NI: MKB Law advises Elgin Energy on UK’s largest solar PV transaction
Belfast-based MKB Law has assisted Elgin Energy in its recent portfolio sale to Scottish Power Renewables, the UK’s largest solar PV transaction to date.
The sale consists of 12 projects at the pre-construction stage located across Great Britain with a combined capacity of 519MW which. The portfolio also includes a co-located battery storage of 70MW.
The firm’s corporate division, led by managing director Gordon McElroy with support from Jose Lazaro and Lynsey Henderson, provided specific support around grid connection agreements in England and Wales, as well as various corporate aspects.
Elgin Energy, one of MKB Law’s long-standing clients, is a leading international and independent solar development group with a 98 per cent success rate through planning across all its markets. Scottish Power Renewables is a subsidiary of the Iberdrola Group, a global electric utility company headquartered in Bilbao, Spain.
Mr McElroy said: “This deal demonstrates the ongoing commitment of both companies in ensuring solar PV and storage play a key role in the UK’s future generation mix. MKB Law is particularly pleased, not least for the opportunity to offer our services to support the burgeoning renewable energy sector, but with the UK committed to hitting a net-zero target, this deal marks a significant step forward in decarbonising the power sector.”
Dillon Eustace LLP advises Blantyre Capital on partnership with Piraeus Bank
Dillon Eustace LLP has acted as legal advisers to Blantyre Capital Limited, a London-based investment management firm, on its long-term partnership with Piraeus Bank for the management of equity participations owned by the bank.
Piraeus Bank, a 100 per cent subsidiary of Piraeus Financial Holdings, is the leading bank in Greece in terms of total market shares and branch network, with around 5.5 million customers.
The portfolio under management, with an initial perimeter of €0.2 billion, comprises certain equity interests that are unrelated to the financial sector in general and specifically to the bank’s principal activity.
The transaction will allow Piraeus Bank to optimize the value of its non-core equity participations by bringing such participations under specialized outsourced professional asset management overseen by affiliates of Blantyre Capital.
The Dillon Eustace team was led by Adrian Benson, partner and head of corporate, and Donnacha O’Connor, managing partner and head of asset management and investment funds.

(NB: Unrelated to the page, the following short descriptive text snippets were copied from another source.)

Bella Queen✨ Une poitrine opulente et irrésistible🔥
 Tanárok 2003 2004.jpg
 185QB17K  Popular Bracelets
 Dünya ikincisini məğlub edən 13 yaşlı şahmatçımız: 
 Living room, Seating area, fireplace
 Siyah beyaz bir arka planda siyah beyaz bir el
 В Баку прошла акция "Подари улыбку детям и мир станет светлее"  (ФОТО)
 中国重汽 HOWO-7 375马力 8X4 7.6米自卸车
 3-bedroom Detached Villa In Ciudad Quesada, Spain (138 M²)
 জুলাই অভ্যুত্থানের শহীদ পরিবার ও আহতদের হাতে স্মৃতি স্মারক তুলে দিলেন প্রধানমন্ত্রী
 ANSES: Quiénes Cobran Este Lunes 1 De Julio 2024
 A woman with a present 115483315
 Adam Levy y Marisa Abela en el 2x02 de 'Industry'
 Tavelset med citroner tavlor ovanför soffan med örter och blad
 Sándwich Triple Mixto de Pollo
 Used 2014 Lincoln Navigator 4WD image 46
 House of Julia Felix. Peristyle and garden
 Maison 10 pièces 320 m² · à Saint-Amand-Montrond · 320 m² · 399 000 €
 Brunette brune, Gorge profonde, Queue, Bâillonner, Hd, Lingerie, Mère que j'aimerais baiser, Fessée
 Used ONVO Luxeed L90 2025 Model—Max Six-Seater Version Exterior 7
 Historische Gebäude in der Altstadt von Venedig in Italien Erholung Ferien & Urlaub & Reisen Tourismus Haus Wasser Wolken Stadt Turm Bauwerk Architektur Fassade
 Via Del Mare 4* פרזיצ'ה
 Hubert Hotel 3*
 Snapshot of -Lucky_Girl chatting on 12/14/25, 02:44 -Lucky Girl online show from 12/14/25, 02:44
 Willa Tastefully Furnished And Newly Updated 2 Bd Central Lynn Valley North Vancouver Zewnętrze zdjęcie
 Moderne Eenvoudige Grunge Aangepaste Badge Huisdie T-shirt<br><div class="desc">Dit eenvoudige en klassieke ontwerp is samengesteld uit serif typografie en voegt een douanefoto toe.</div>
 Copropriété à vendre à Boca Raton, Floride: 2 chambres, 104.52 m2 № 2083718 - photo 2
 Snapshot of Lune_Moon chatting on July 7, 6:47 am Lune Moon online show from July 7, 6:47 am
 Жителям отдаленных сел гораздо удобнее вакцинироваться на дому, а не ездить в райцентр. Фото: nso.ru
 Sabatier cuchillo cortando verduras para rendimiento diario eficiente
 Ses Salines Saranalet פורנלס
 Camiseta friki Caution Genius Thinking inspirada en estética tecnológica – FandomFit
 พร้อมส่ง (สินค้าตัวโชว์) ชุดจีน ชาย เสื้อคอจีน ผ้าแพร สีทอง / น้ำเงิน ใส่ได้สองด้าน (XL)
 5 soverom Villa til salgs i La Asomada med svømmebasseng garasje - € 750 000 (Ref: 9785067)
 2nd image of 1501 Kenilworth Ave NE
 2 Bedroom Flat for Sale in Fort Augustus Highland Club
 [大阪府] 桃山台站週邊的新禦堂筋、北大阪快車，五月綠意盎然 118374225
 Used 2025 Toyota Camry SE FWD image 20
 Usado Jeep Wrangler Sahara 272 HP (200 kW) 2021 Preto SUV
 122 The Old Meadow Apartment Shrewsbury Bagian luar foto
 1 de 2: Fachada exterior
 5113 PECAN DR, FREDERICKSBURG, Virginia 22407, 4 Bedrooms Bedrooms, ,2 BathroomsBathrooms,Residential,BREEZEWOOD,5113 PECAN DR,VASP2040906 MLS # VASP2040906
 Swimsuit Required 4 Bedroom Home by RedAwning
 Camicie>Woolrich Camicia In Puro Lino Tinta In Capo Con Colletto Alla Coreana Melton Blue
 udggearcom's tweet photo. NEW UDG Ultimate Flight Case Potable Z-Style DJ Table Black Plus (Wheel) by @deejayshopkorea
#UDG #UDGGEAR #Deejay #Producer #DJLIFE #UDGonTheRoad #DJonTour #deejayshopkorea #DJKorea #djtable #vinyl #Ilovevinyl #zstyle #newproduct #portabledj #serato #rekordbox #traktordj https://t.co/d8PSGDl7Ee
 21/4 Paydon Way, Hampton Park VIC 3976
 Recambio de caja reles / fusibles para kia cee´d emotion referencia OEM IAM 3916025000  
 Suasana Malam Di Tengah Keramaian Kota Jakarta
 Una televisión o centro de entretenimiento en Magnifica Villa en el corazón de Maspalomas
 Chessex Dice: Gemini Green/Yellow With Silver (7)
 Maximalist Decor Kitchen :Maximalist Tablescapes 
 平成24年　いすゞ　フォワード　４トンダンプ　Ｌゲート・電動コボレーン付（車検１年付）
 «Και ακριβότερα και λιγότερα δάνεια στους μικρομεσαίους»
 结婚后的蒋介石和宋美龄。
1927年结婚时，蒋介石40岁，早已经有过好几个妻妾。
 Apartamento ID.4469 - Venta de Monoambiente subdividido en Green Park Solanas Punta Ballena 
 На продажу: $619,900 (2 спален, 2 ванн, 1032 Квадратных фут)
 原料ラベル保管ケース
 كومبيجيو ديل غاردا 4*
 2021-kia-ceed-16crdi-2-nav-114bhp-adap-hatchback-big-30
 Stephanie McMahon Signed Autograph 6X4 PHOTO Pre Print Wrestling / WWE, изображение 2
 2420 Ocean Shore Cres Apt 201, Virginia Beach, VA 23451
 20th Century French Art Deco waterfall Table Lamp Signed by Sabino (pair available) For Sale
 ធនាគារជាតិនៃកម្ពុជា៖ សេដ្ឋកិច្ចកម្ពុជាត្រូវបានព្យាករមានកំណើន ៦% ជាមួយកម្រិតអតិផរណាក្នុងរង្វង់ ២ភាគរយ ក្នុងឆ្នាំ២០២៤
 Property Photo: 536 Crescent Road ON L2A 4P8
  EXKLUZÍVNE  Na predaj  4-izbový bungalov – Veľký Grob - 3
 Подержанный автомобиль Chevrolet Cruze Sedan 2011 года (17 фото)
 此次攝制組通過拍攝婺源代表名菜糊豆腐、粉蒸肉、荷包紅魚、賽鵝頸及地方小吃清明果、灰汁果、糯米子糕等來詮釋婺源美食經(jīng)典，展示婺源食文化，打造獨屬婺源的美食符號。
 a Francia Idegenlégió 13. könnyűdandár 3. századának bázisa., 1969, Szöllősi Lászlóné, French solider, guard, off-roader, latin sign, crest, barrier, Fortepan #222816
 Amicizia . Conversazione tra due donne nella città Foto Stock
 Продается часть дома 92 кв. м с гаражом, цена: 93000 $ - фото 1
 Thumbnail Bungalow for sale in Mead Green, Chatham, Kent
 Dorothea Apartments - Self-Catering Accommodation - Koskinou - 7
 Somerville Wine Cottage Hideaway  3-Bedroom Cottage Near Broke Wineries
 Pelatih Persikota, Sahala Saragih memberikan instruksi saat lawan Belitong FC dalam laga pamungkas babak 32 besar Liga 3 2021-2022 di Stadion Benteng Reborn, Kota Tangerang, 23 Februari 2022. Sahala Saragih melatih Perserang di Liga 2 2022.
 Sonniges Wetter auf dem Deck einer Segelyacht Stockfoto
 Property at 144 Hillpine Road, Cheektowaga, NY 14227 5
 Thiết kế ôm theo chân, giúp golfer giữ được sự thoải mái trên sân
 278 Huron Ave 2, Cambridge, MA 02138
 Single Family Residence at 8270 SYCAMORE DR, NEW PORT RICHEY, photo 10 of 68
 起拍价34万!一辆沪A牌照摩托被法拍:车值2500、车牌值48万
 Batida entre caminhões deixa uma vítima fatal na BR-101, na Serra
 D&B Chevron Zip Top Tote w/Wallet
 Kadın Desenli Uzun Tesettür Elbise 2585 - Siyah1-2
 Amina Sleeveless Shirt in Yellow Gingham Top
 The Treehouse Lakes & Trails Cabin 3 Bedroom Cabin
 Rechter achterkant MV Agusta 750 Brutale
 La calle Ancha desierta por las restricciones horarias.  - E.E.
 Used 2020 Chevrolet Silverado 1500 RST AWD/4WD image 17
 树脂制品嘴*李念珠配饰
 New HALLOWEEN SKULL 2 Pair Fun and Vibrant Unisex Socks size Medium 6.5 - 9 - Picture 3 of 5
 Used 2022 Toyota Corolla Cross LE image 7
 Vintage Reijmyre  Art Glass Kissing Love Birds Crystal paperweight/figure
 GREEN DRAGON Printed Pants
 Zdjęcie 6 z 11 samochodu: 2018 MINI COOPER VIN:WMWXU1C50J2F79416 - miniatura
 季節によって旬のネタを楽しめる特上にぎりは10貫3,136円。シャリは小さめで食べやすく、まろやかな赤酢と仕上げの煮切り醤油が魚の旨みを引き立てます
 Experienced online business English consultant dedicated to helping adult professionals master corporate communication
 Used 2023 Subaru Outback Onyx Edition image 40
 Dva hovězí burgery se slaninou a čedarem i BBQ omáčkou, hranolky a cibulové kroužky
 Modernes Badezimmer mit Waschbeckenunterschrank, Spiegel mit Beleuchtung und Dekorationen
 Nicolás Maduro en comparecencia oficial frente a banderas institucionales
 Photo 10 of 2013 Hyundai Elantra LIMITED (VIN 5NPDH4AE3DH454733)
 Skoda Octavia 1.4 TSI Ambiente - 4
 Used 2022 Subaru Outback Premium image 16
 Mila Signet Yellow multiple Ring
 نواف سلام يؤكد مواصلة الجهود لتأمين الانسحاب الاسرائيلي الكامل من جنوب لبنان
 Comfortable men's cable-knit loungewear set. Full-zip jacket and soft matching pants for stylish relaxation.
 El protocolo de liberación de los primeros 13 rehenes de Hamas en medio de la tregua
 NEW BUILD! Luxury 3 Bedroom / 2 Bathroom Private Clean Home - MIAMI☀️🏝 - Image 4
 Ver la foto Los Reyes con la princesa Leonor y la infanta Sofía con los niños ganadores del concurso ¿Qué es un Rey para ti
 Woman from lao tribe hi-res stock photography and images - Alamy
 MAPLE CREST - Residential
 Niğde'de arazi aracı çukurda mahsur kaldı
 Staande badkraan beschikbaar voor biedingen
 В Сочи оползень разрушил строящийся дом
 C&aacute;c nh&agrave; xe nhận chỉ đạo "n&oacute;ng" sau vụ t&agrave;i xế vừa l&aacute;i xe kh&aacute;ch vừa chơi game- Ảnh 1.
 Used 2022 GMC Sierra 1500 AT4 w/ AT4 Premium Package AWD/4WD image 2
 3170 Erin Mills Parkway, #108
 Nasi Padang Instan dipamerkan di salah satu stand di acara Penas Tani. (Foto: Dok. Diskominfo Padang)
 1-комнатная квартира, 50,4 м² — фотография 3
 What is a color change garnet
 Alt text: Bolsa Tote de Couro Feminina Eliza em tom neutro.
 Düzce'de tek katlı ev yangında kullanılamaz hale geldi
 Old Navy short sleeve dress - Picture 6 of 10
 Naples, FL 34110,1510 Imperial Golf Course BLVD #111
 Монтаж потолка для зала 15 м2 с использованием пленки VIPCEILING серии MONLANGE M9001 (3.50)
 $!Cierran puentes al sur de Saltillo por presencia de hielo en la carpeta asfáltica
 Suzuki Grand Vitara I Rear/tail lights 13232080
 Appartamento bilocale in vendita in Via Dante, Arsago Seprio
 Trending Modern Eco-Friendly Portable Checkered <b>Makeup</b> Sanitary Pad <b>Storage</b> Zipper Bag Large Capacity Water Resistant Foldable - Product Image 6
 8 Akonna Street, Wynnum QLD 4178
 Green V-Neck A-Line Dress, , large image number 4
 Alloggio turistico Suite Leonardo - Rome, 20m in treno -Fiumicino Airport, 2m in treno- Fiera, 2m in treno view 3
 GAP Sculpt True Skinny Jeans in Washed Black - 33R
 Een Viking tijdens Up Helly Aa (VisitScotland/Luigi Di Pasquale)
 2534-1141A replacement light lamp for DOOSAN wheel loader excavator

Matheson advises Glanbia Co-operative Society on acquisition of Glanbia plc’s interest in Glanbia Ireland
Matheson has advised Glanbia Co-operative Society on the funding arrangements for its recently announced acquisition of Glanbia plc’s 40 per cent interest in Glanbia Ireland.
The funding arrangements (raising approximately €310m) comprise a share placing by Glanbia Co-op of approximately two per cent of Glanbia plc’s issued share capital together with the issue of a €250 million equity-linked exchangeable bond.
A cross-departmental Matheson team advised on this financing transaction as well as the previously announced acquisition. The corporate team was led by partner David Fitzgibbon and senior associate Enda Garvey, and the finance and capital markets team was led by partners Donal O’Donovan and Richard Kelly.
Mr Fitzgibbon said: “We are delighted to have worked with Glanbia Co-op and its management team on the combined equity and debt fundraising, another key aspect of a transformational transaction for Glanbia Co-op. The fundraising demonstrates the continued attractiveness of Irish businesses to domestic and international investors.”